Amazon’s Andy Jassy calls predecessor Jeff Bezos the ‘most unusual business leader of our era’


Jassy told Fortune CEO Alan Murray at a dinner at the World Economic Forum in Davos, Switzerland, on Thursday that his predecessor, the Amazon founder Jeff Bezos, was one of a kind.

“I learned from somebody who’s arguably the most unusual business leader of our era,” he said.

Jassy added that he was “lucky” to work closely with Bezos for 20 of his 26.5 years at Amazon, but played coy in saying what exactly made him different from Bezos. He argued that the challenges he is facing at the helm of Amazon differ from what Bezos experienced.

“I do think that every era of business leadership … is different,” he said. “When I started the job, nobody really predicted that the pandemic would last that long, and Omicron would come, and the war in Ukraine would come and the inflation—there’s lots of things that happen throughout, and you have to just keep adjusting, and that’s what we tried to do as a team.”

Though Jassy worked to separate his predecessor’s hardships from his own, he has inherited many issues from Bezos, including streaming losses and slowing sales growth and delivery operations.

Jassy took over as CEO after Bezos stepped down in July 2021 to focus on philanthropy and growing his rocket company, Blue Origin. Jassy joined Amazon in 1997 as a marketing manager and launched the cloud computing platform Amazon Web Services (AWS) with Bezos in 2006. AWS helped generate $13 billion of Amazon’s $21 billion 2020 revenue, which, along with Jassy’s insider status and long tenure, made him a clear candidate for CEO.

Bezos’ departure was part of a decade-long trend of iconic, often founding CEOs in Big Tech stepping down or being replaced. Tim Cook took Apple’s reins from Steve Jobs in 2011, Satya Nadella took over Microsoft from Steve Ballmer in 2014, and Sundar Pichai became CEO of Google’s parent company Alphabet Inc. in December 2019.

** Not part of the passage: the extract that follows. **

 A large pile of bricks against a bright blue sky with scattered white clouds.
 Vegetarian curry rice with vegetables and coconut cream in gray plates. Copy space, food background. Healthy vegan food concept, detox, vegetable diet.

While Bezos was known to be competitive and intense, Jassy is known for being diplomatic and friendly. Becoming CEO of the world’s largest e-commerce company wasn’t part of his original professional plan.

“I was surprised,” Jassy told Vanity Fair. “I wasn’t anticipating it, I wasn’t clamoring for it, I loved my current job, but I was obviously flattered and excited by the prospect.”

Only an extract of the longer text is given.